The following points are important to know about when writing Python 2/3 compatible code.

bytes

Handling bytes consistently and correctly has traditionally been one of the most difficult tasks in writing a Py2/3 compatible codebase. This is because the Python 2 bytes object is simply an alias for Python 2’s str, rather than a true implementation of the Python 3 bytes object, which is substantially different.

future contains a backport of the bytes object from Python 3 which passes most of the Python 3 tests for bytes. (See tests/test_future/test_bytes.py in the source tree.) You can use it as follows:

>>> from builtins import bytes
>>> b = bytes(b'ABCD')

On Py3, this is simply the builtin bytes object. On Py2, this object is a subclass of Python 2’s str that enforces the same strict separation of unicode strings and byte strings as Python 3’s bytes object:

>>> b + u'EFGH'      # TypeError
Traceback (most recent call last):
  File "<stdin>", line 1, in <module>
TypeError: argument can't be unicode string

>>> bytes(b',').join([u'Fred', u'Bill'])
Traceback (most recent call last):
  File "<stdin>", line 1, in <module>
TypeError: sequence item 0: expected bytes, found unicode string

>>> b == u'ABCD'
False

>>> b < u'abc'
Traceback (most recent call last):
  File "<stdin>", line 1, in <module>
TypeError: unorderable types: bytes() and <type 'unicode'>

In most other ways, these bytes objects have identical behaviours to Python 3’s bytes:

b = bytes(b'ABCD')
assert list(b) == [65, 66, 67, 68]
assert repr(b) == "b'ABCD'"
assert b.split(b'B') == [b'A', b'CD']

Currently the easiest way to ensure identical behaviour of byte-strings in a Py2/3 codebase is to wrap all byte-string literals b'...' in a bytes() call as follows:

from builtins import bytes

# ...

b = bytes(b'This is my bytestring')

# ...

This is not perfect, but it is superior to manually debugging and fixing code incompatibilities caused by the many differences between Py3 bytes and Py2 strings.

The bytes type from builtins also provides support for the surrogateescape error handler on Python 2.x. Here is an example that works identically on Python 2.x and 3.x:

>>> from builtins import bytes
>>> b = bytes(b'\xff')
>>> b.decode('utf-8', 'surrogateescape')
'\udcc3'

This feature is in alpha.

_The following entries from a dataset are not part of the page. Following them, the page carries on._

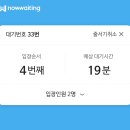 테라스파이브보타닉/(주)테라스파이브 | 행궁동 피자 맛집 유럽 분위기 물씬 풍기는 : 로우파이브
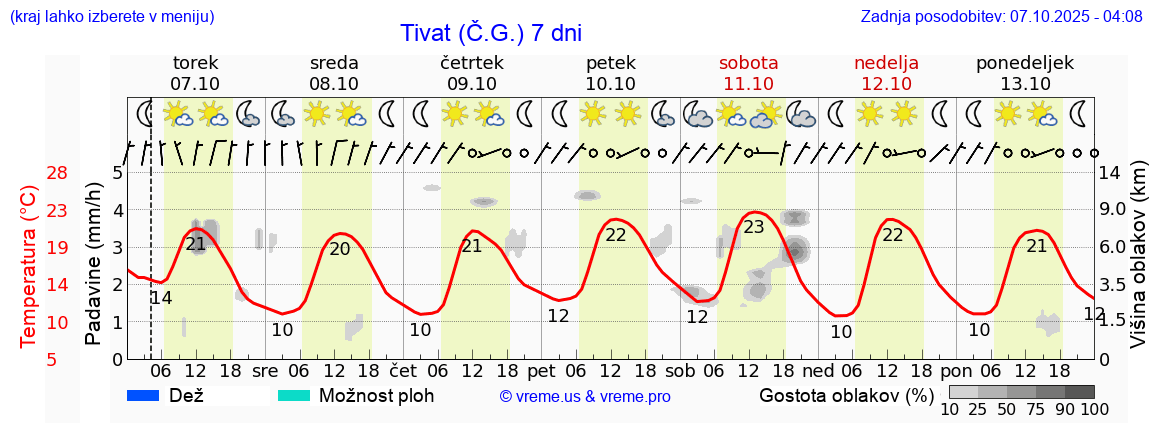 Vreme 7 dni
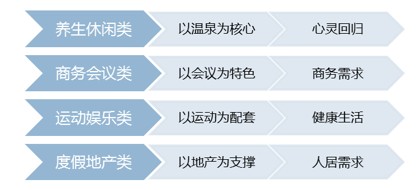 綠維文旅：遼寧營口思拉堡溫泉開發(fā)與商業(yè)模式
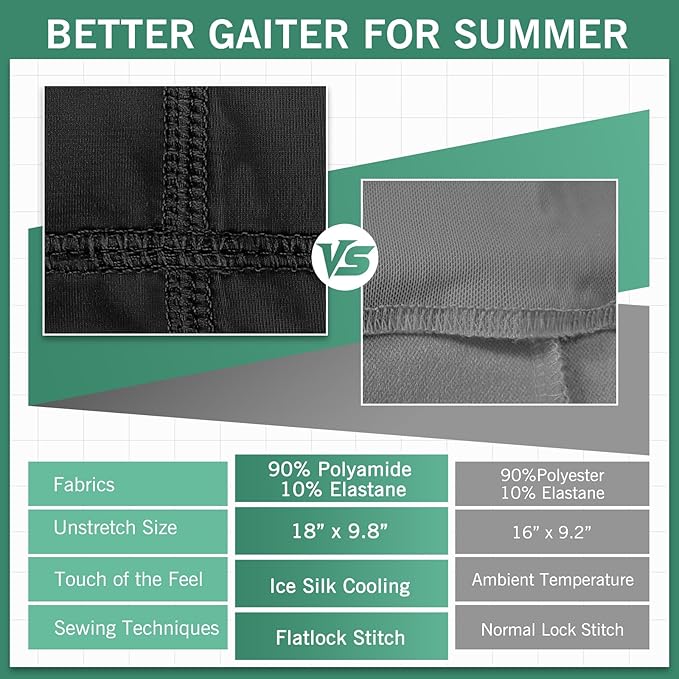 Cooling Neck Gaiter, Summer UV Face Mask Dust Balaclava, Neck Gator Bandana Face Cover for Sun Protection Men Women Outdoor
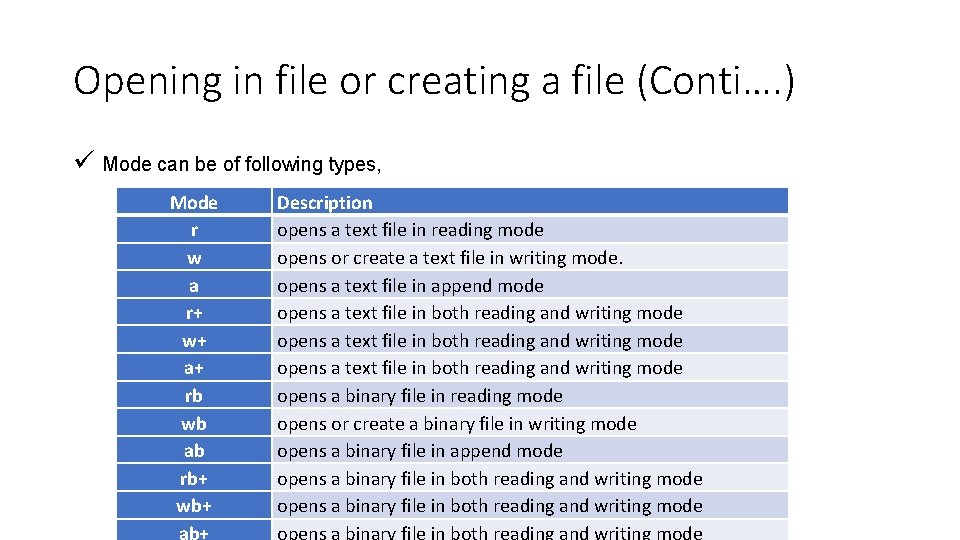 Opening in file or creating a file (Conti…. ) ü Mode can be of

Please leave feedback here about whether this works for you.

str

The str object in Python 3 is quite similar but not identical to the Python 2 unicode object.

The major difference is the stricter type-checking of Py3’s str that enforces a distinction between unicode strings and byte-strings, such as when comparing, concatenating, joining, or replacing parts of strings.

There are also other differences, such as the repr of unicode strings in Py2 having a u'...' prefix, versus simply '...', and the removal of the str.decode() method in Py3.

future contains a newstr type that is a backport of the str object from Python 3. This inherits from the Python 2 unicode class but has customizations to improve compatibility with Python 3’s str object. You can use it as follows:

>>> from __future__ import unicode_literals
>>> from builtins import str

On Py2, this gives us:

>>> str
future.types.newstr.newstr

(On Py3, it is simply the usual builtin str object.)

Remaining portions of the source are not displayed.